# [Collection entries]
'''
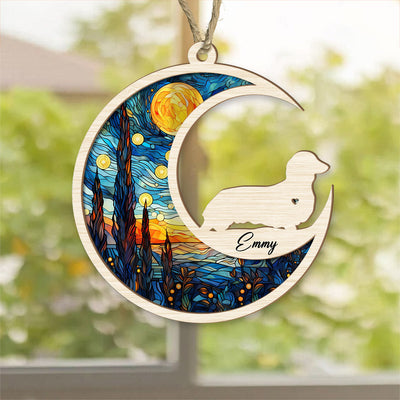 Loss Of Pet Sympathy Gift - Dachshund Memorial Suncatcher Personalized Ornament - Handmade Custom Name And Dog Breed Decor, Engraved Dog Lovers Gift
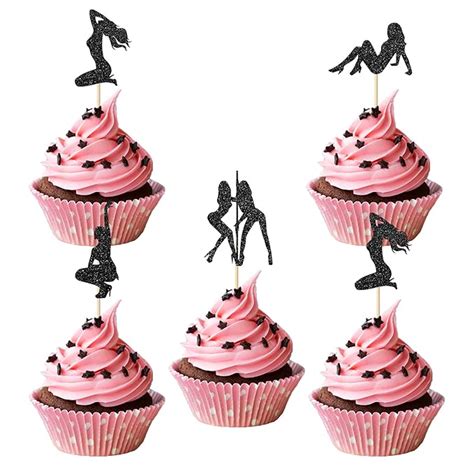KakaSwa 24pcs Pole Dancing Cupcake Topper, Dancers Cake Picks for ...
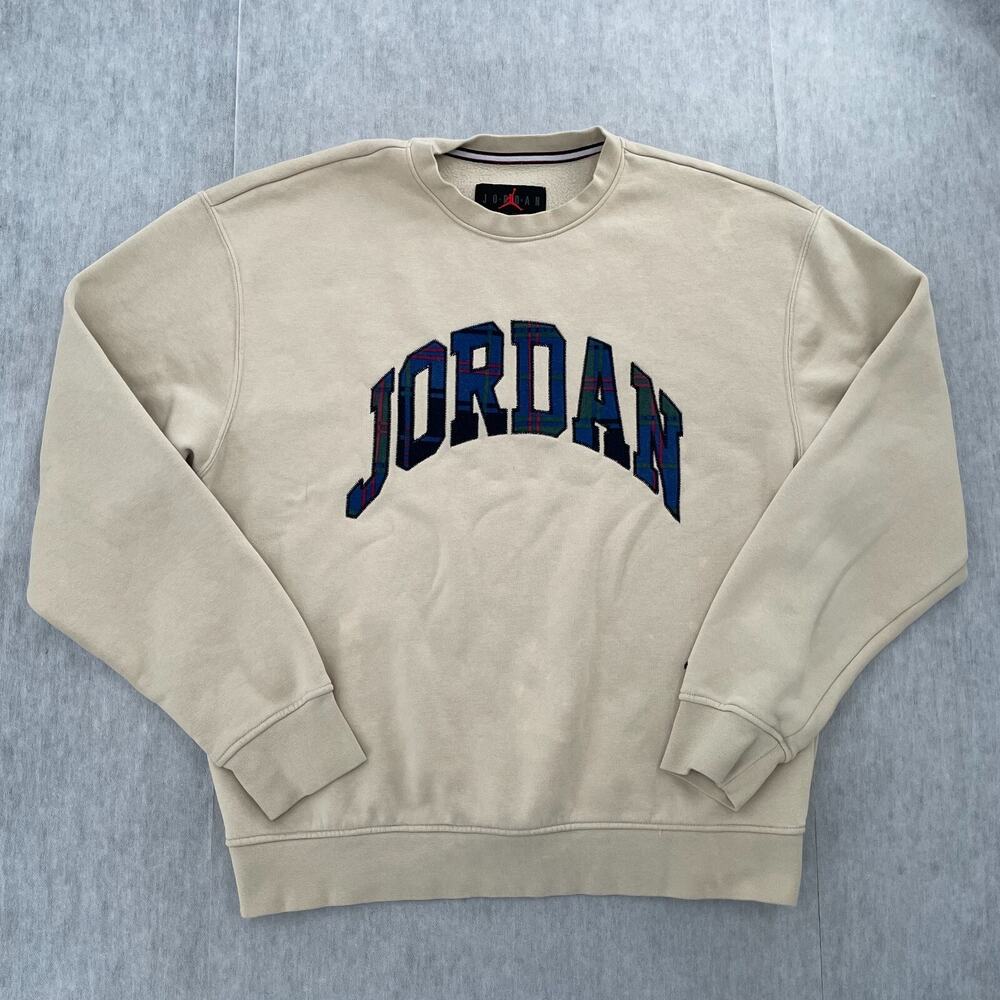 Nike Jordan Sweater Adult Medium Brown Crew Neck Plaid Spell Out Pullover Mens M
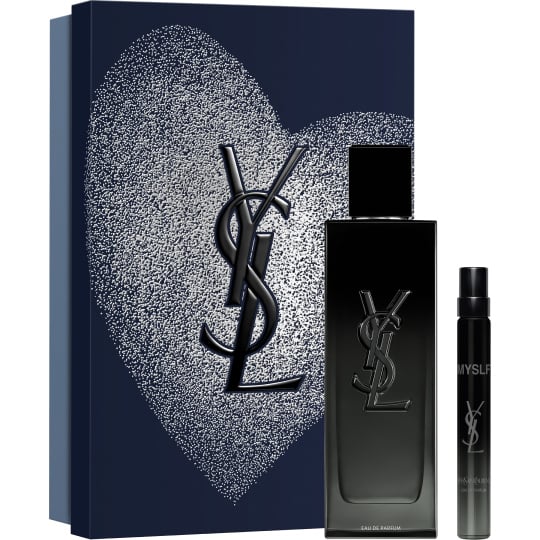 YSL MYSLF Eau de Parfum 100ml and 10ml set, with a dark blue heart-patterned gift box.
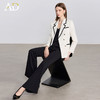 AD高端气质女神范职业装套装女2025新款黑色微喇裤撞色西服两件套 商品缩略图2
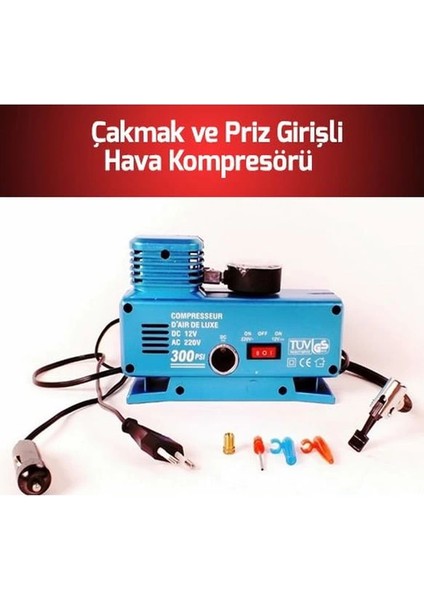220 Volt-12 Volt 250 Psi Geniş Uygulama Yelpazesi Kompresör Lastik Hava Şişirme Oto Pompası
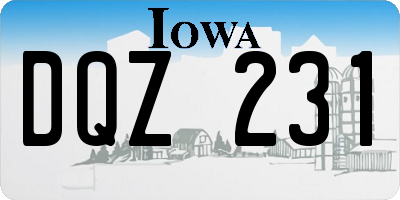 IA license plate DQZ231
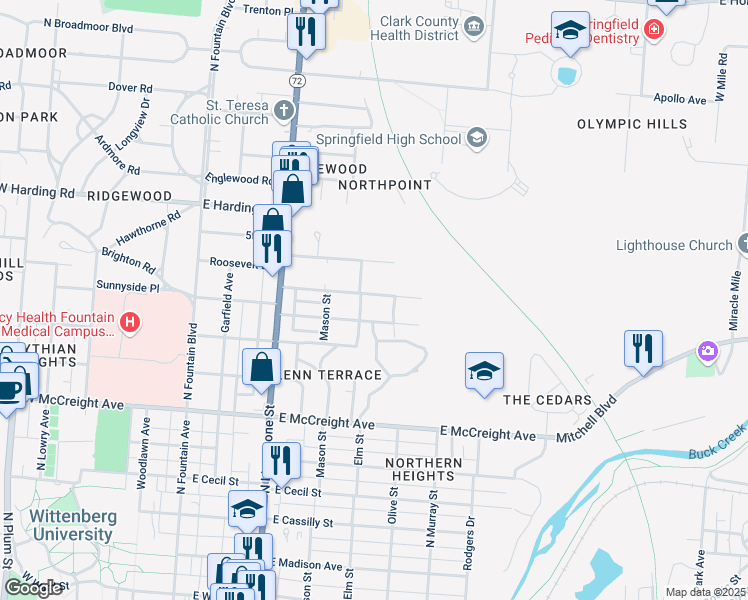 map of restaurants, bars, coffee shops, grocery stores, and more near 405 Warren Drive in Springfield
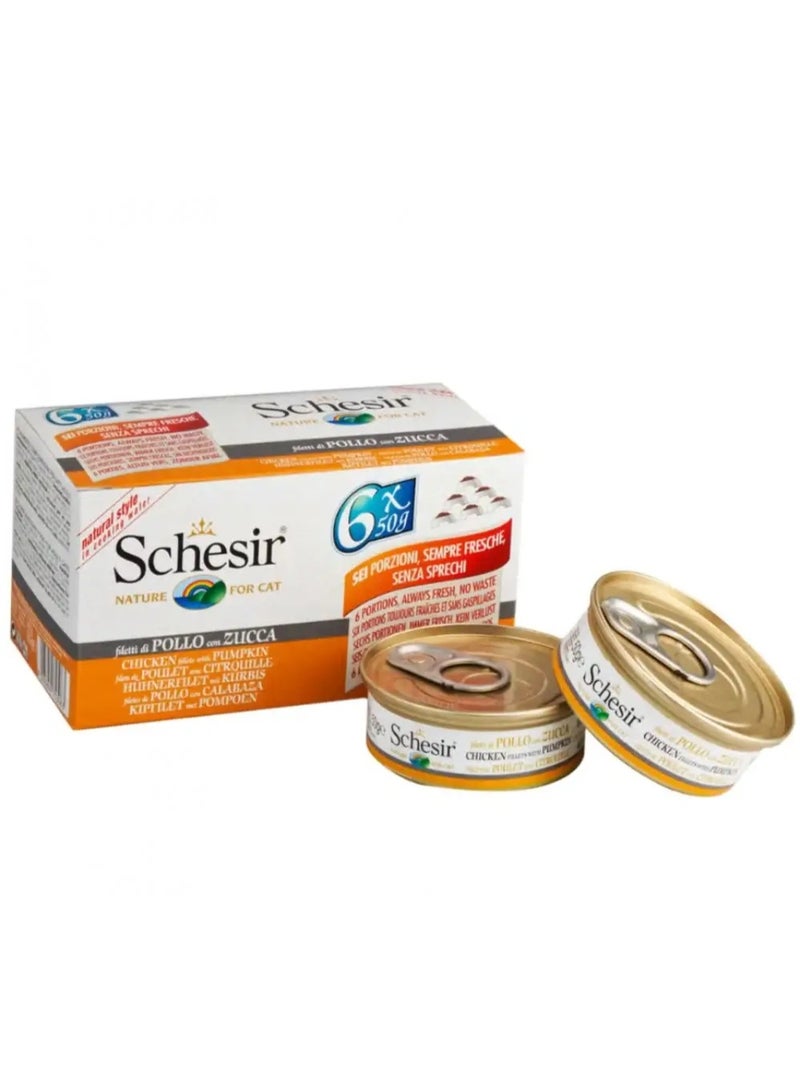 Caesar Canned Cheeser Chicken Fillet with Pumpkin in Water for Cats 6 x 50g - Image 1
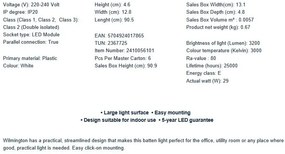 Plafoniera LED design liniar Wilmington 90,5cm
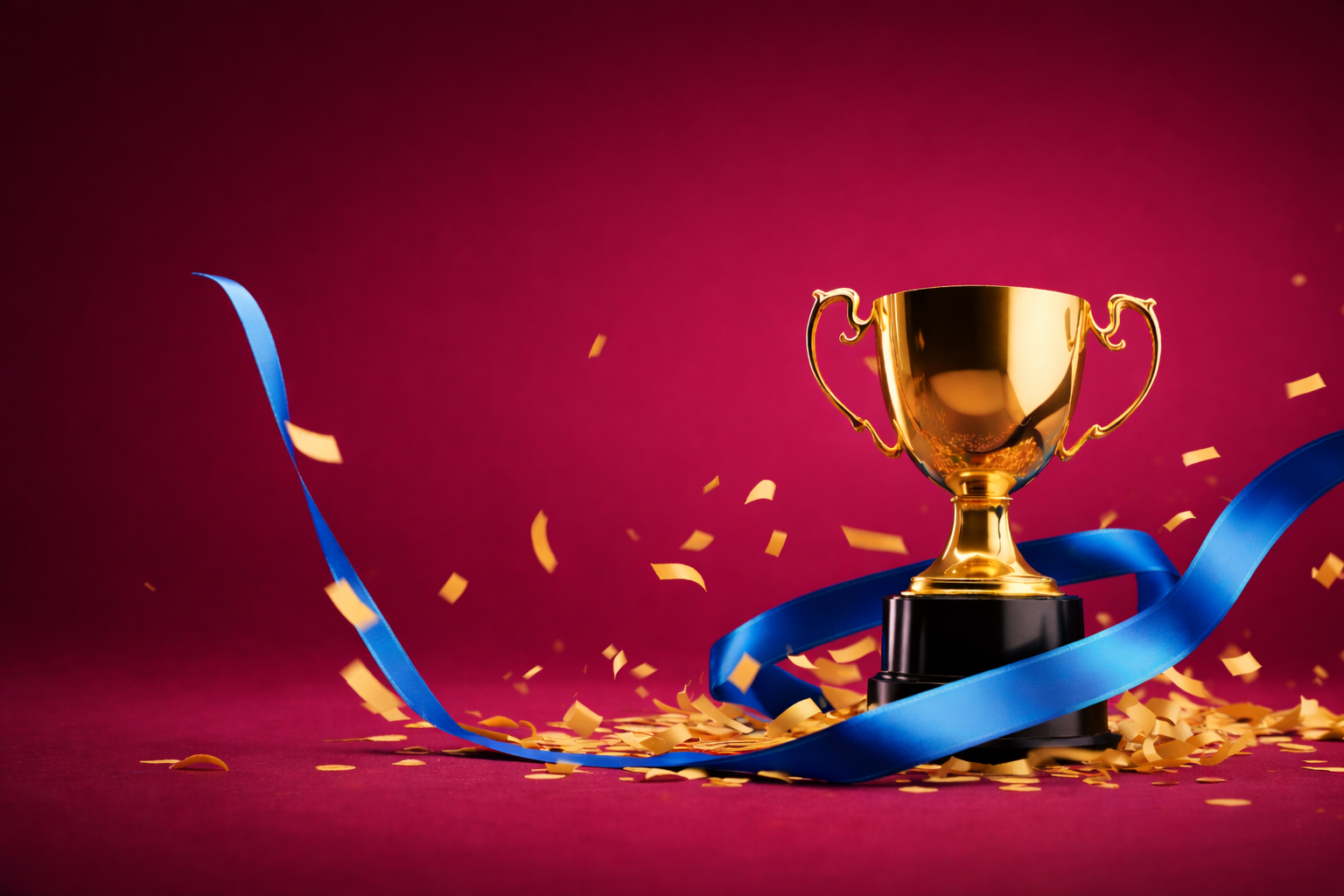 Gold trophy with a blue ribbon on a red background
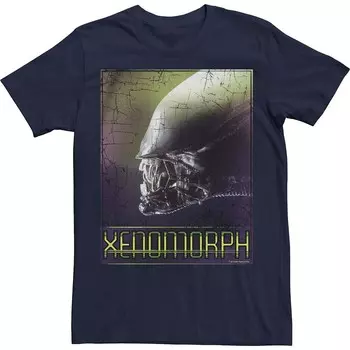 Мужская футболка с постером профиля Alien Xenomorph Licensed Character, темно-синий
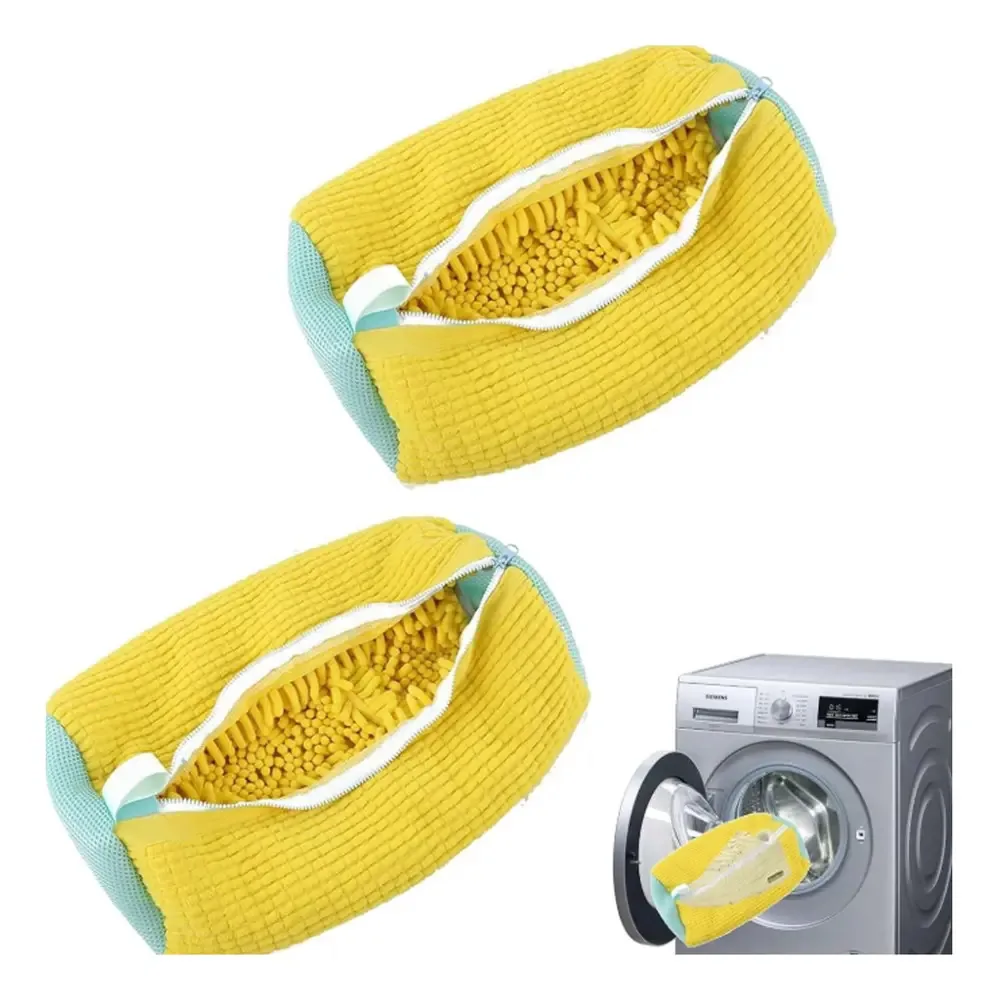 2 bolsas para lavar sapatos, roupas e sapatos, proteção amarela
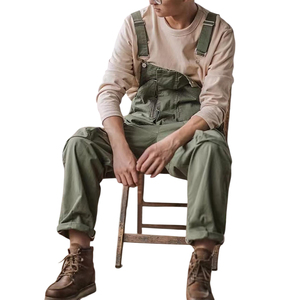 Overoles de Trabajo Transpirables Verdes con Múltiples Bolsillos y Tirantes Ajustables para Unisex Talla Grande - Product Image 2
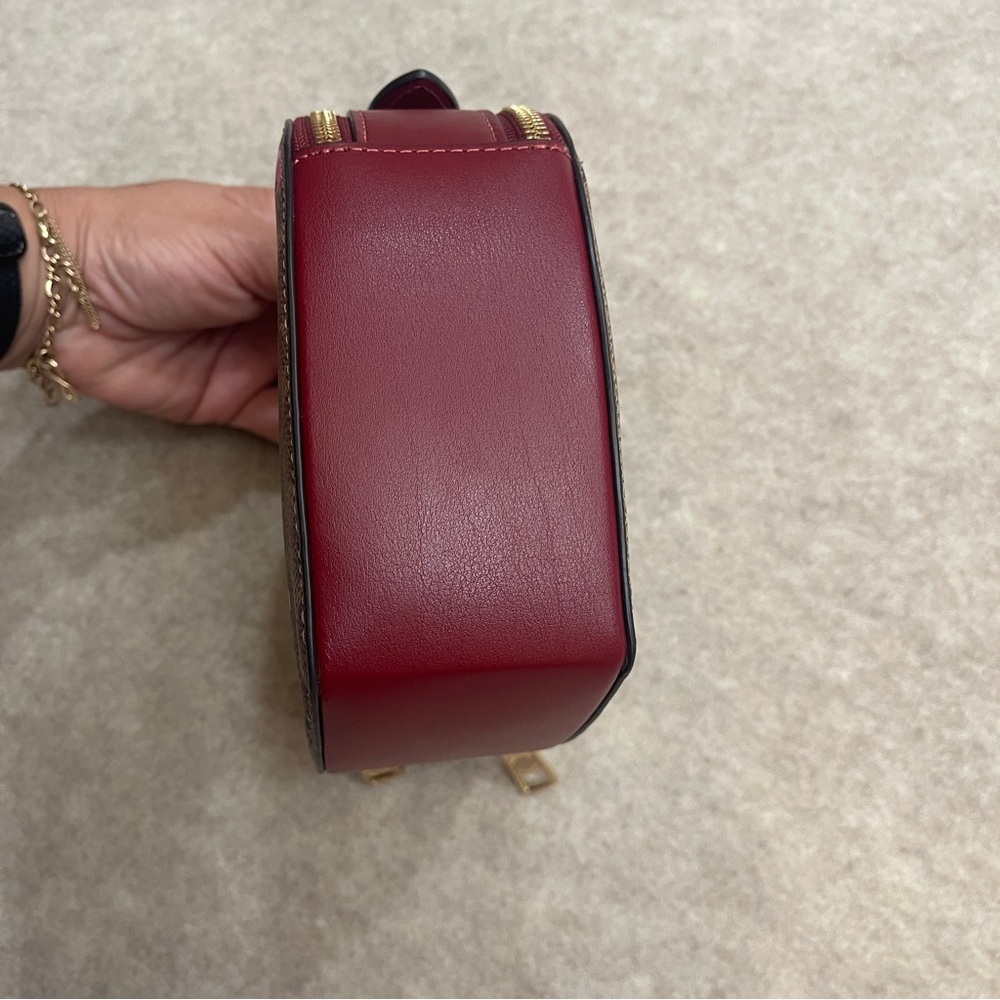 Coach Heart Cherry Signature Canvas Tan Marrón Double Zip Crossbody Purse - Picture 7 of 16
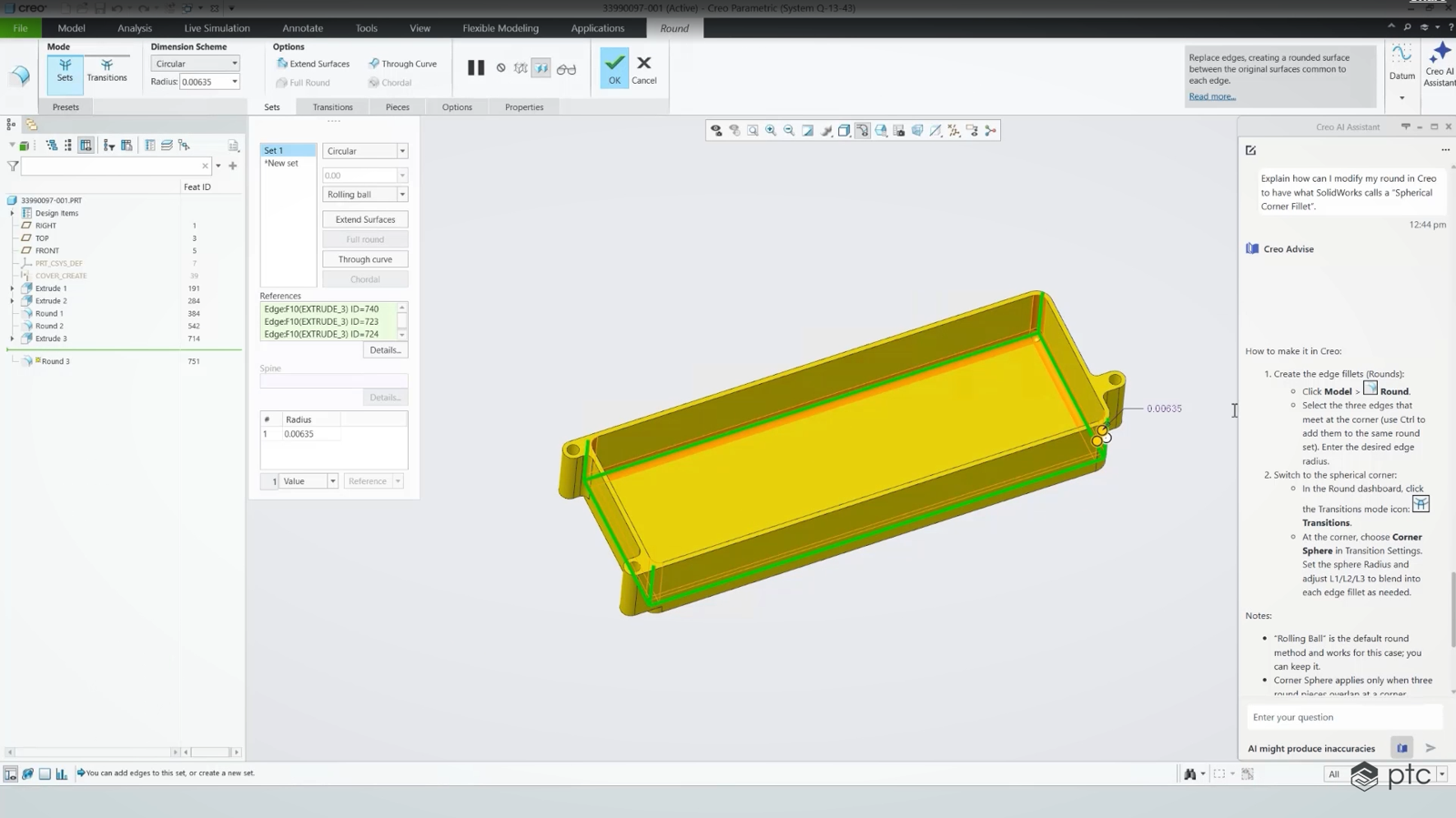 The new Creo AI Assistant providing product support. (Image: PTC).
'''
# [Task]
Leaving each picture behind, please give again exactly the lines above from the one with "Мужская футболка с" through the one with "Overoles de Trabajo", both included, and no others.

# [Solution to the exercise]
 Мужская футболка с постером профиля Alien Xenomorph Licensed Character, темно-синий
 2 bolsas para lavar sapatos, roupas e sapatos, proteção amarela
 Overoles de Trabajo Transpirables Verdes con Múltiples Bolsillos y Tirantes Ajustables para Unisex Talla Grande - Product Image 2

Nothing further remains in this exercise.